Data block ->
━━━

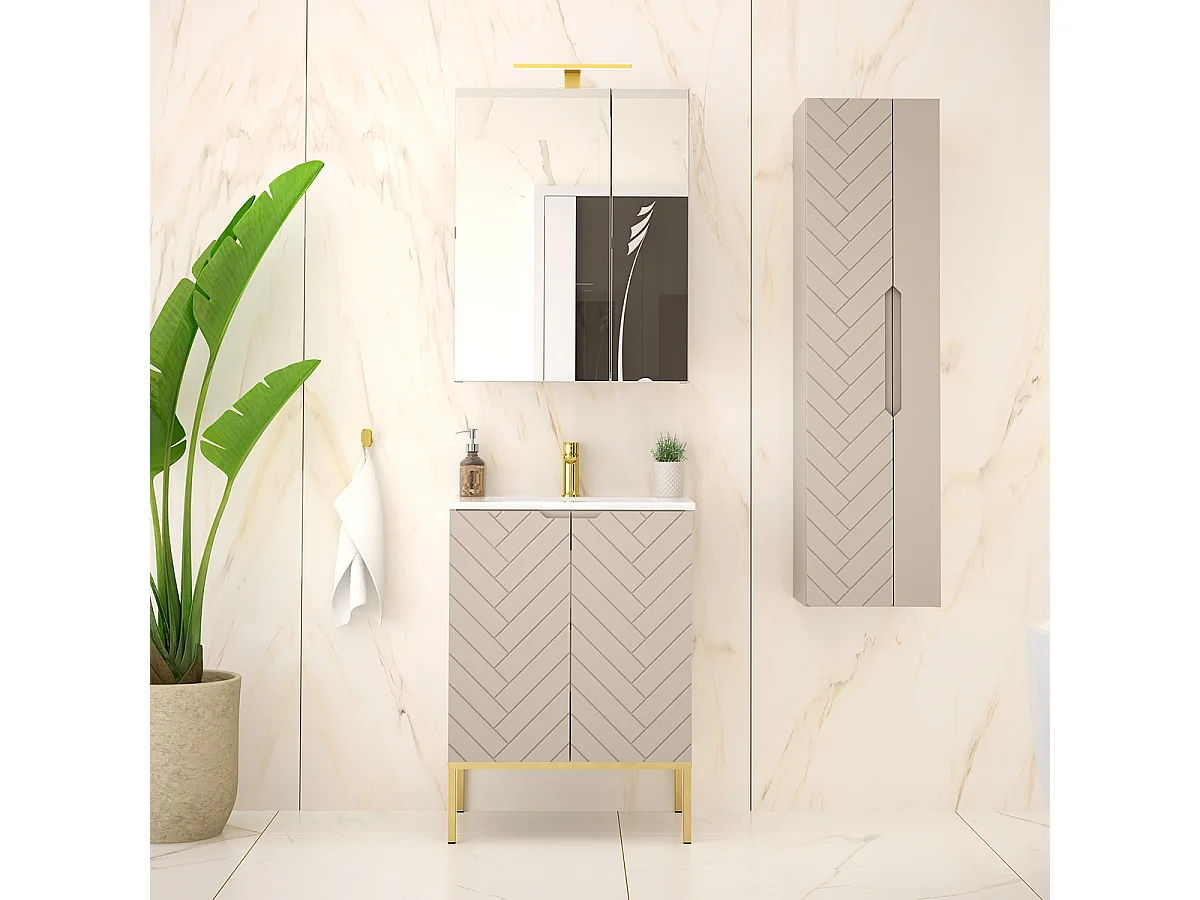 Mobile bagno con lavabo Daria cachemire 60cm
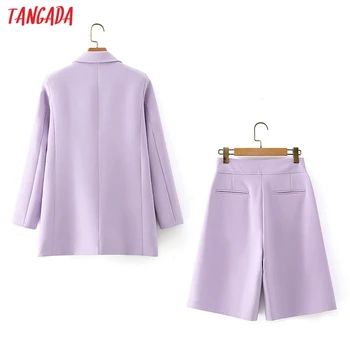 Tangada 2020. gada sieviešu tērpu komplekts lavandas ikdienas žakete uzvalku 2 gabals, kas sieviešu jaka dāmas žakete, Bikses, Komplekti DA105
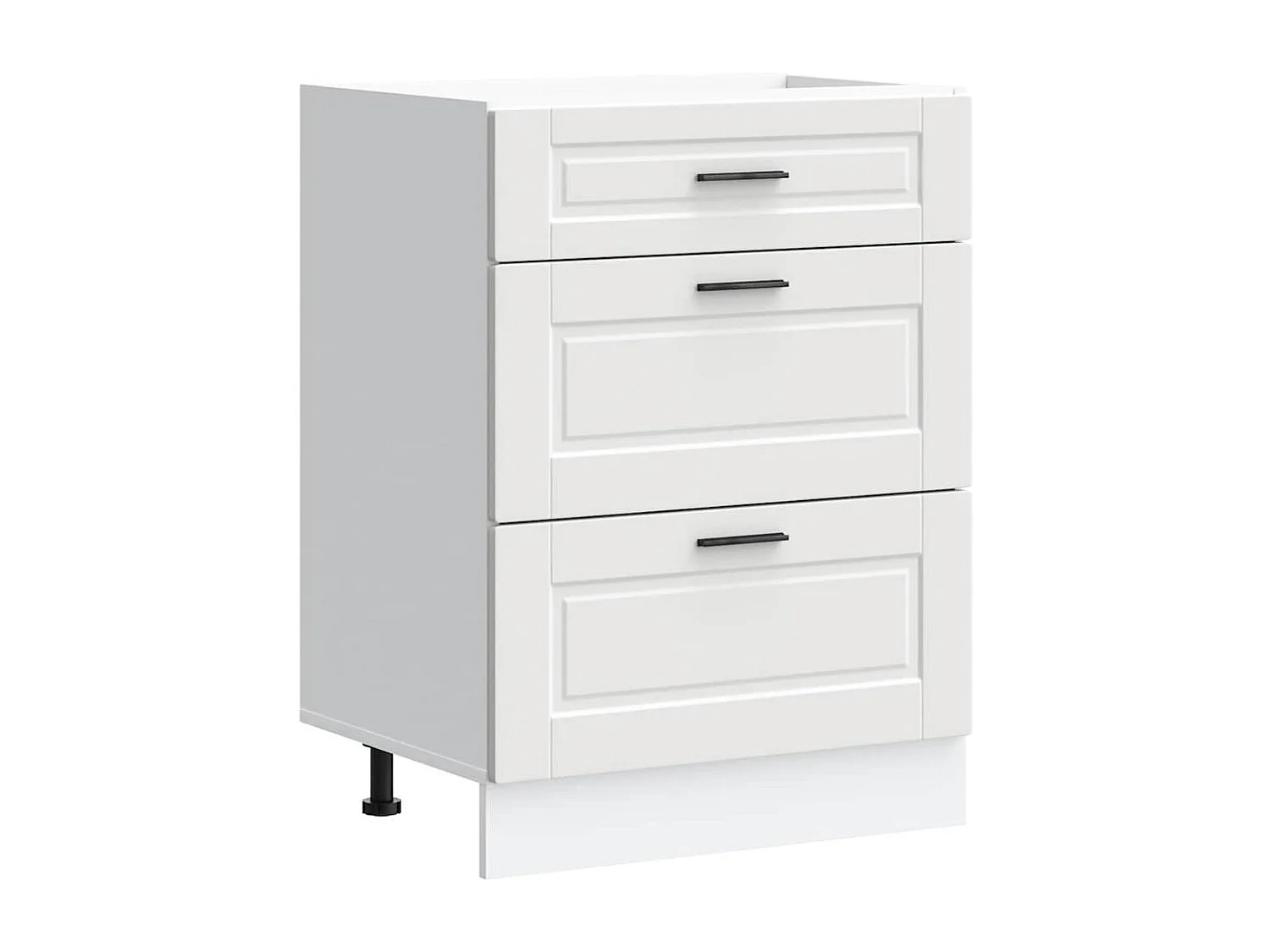 witte keukenkast van bewerkt hout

━━━

The problem ->
From the line that contains "Tangada 2020. gada" to the final line of the material, write out each line exactly. Pictures stay out.

Written solution ->
 Tangada 2020. gada sieviešu tērpu komplekts lavandas ikdienas žakete uzvalku 2 gabals, kas sieviešu jaka dāmas žakete, Bikses, Komplekti DA105
 witte keukenkast van bewerkt hout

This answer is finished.